Il en résulte que le drame se trouve comme l’Académie, grand, non point par ce qu’il a, mais par ce qui lui manque.

Puis, quoique, chez l’un comme chez l’autre, les convictions ou, si l’on veut, les préjugés aillent au delà de l’obstination, et touchent à l’entêtement, Delaroche, étant le plus fort des deux, cède rarement, mais cède quelquefois ; Casimir, jamais !

Un exemple :

J’ai dit que chaque grand artiste avait, dans un art voisin, son analogue qui le côtoie ; j’ai dit que Delaroche ressemblait à Casimir Delavigne. J’insiste.

Cela est si vrai, que Victor Hugo et Delacroix, les deux talents les moins académiques qu’il y ait au monde, ont eu tous deux l’ambition d’être de l’Académie. Tous deux se sont mis sur les rangs : Hugo, cinq fois ; Delacroix, dix, douze, quinze… Je ne compte plus.

Eh bien, on se rappelle ce que j’ai raconté ; ou plutôt, de peur qu’on ne se le rappelle pas, je vais le redire.

À l’une des vacances académiques, je pris sur moi de faire pour Hugo quelques visites à des académiciens de mes amis.

Une de ces visites fut dirigée vers les Menus-Plaisirs, où Casimir Delavigne avait un logement.

J’ai déjà dit que j’aimais beaucoup Casimir Delavigne, et que Casimir Delavigne m’aimait beaucoup.

Peut-être s’étonnera-t-on qu’aimant beaucoup Casimir Delavigne, et me vantant d’être aimé de lui, je dise du mal de Casimir Delavigne.

D’abord, je ne dis pas de mal du talent, je dis la vérité sur le talent de Casimir Delavigne.
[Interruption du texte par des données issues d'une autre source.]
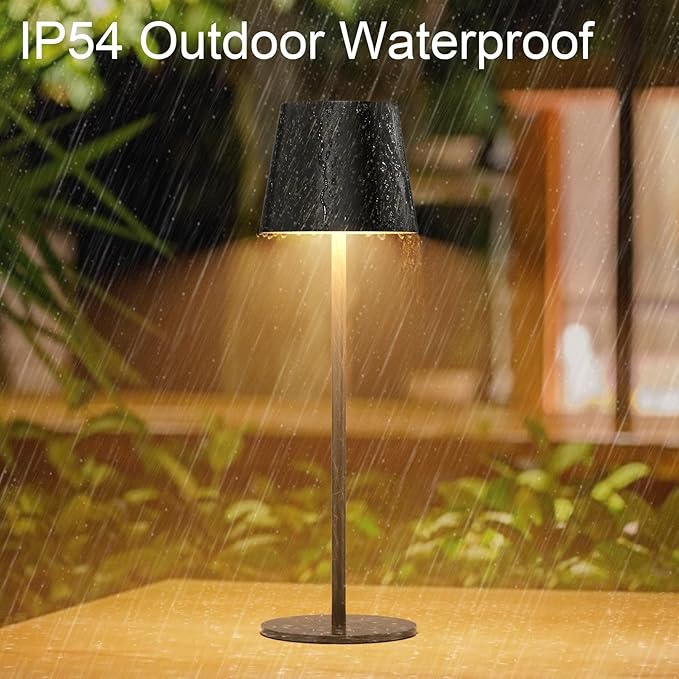 2 Pack Dimmable Table Lamp 3000k Warm White, IP54 Wireless Bottle Lamp for Indoor and Outdoor, 5000 mAh Rechargeable Table Lamp for Family, Restaurant & Bar(Copper) - LeafyLoom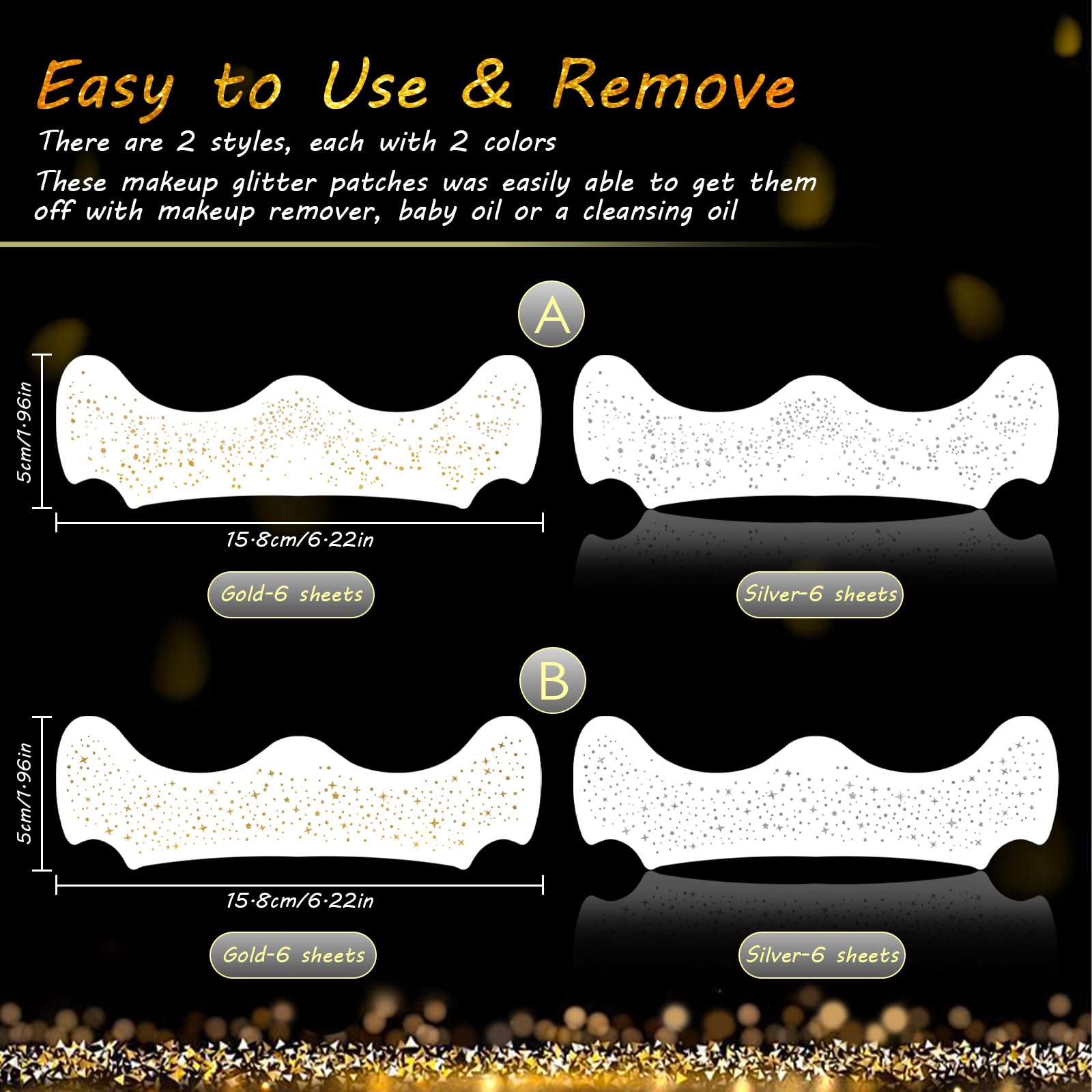 SOOVSY aplicación facial de brillo dorado para un estilo rápido.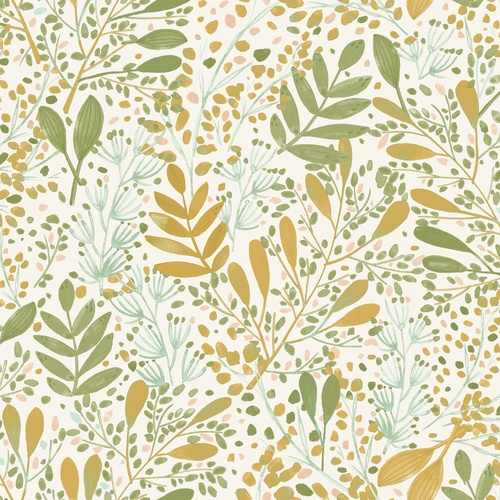 Green Life Joy | Painted Leaves Wallpaper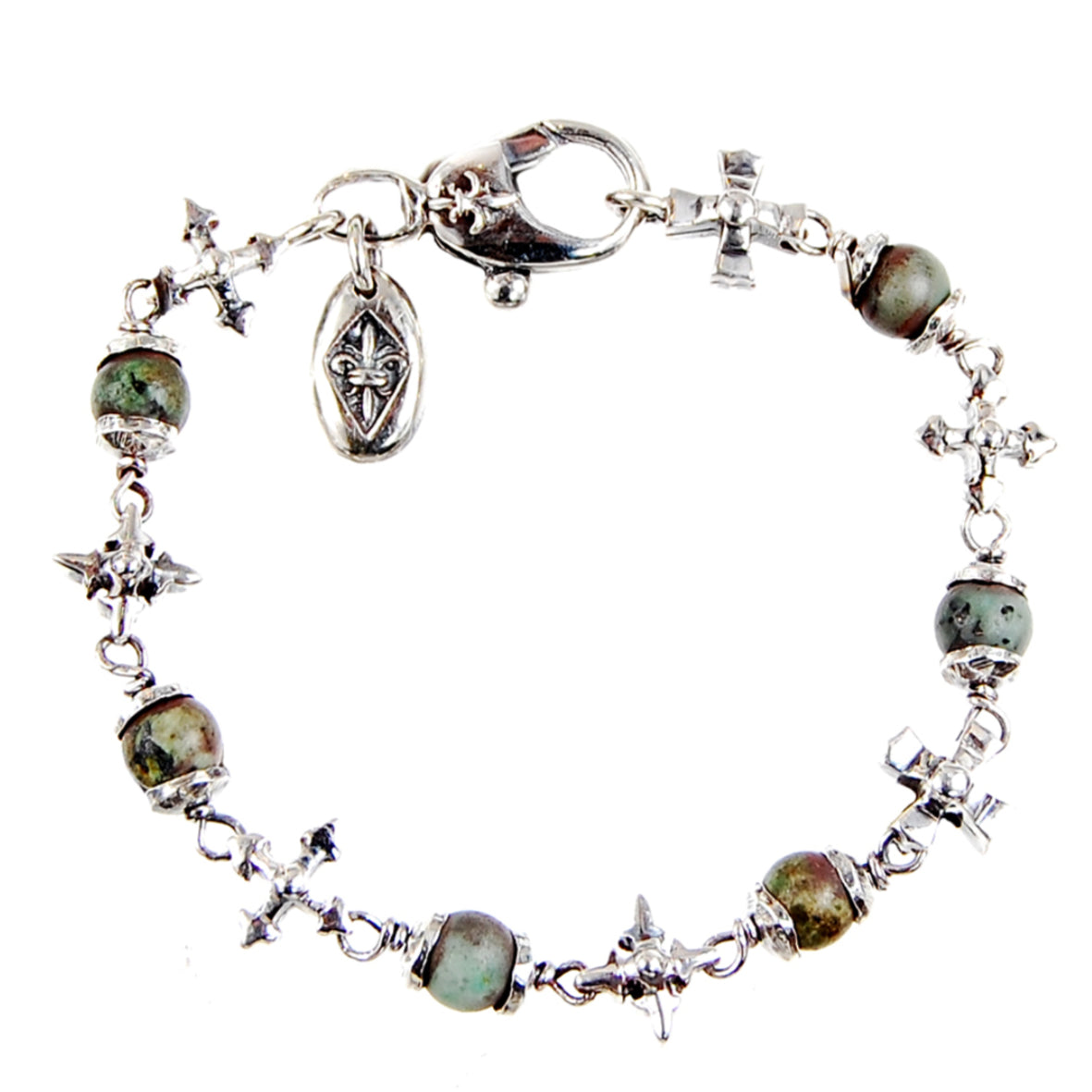 Silberarmband mit Lanzen- und Klingenkreuzen sowie 10 Perlen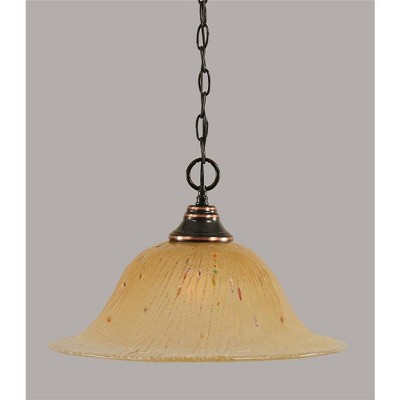 Toltec Lighting Any 1 - Light Pendant in  Black Copper with 17" Amber Crystal Shade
Cela ne m’empêche pas d’aimer la personne de Casimir.

Je dis du bien du talent de M. Delaroche ; cela prouve-t-il que j’aime M. Delaroche ? Non, je n’aime pas M. Delaroche ; mais mon amitié pour l’un, et mon peu de sympathie pour l’autre n’influent pas sur l’opinion que j’ai de leur talent.

Je n’ai ni à me plaindre ni à me louer de leur talent, et je puis avoir à me louer ou à me plaindre des individus.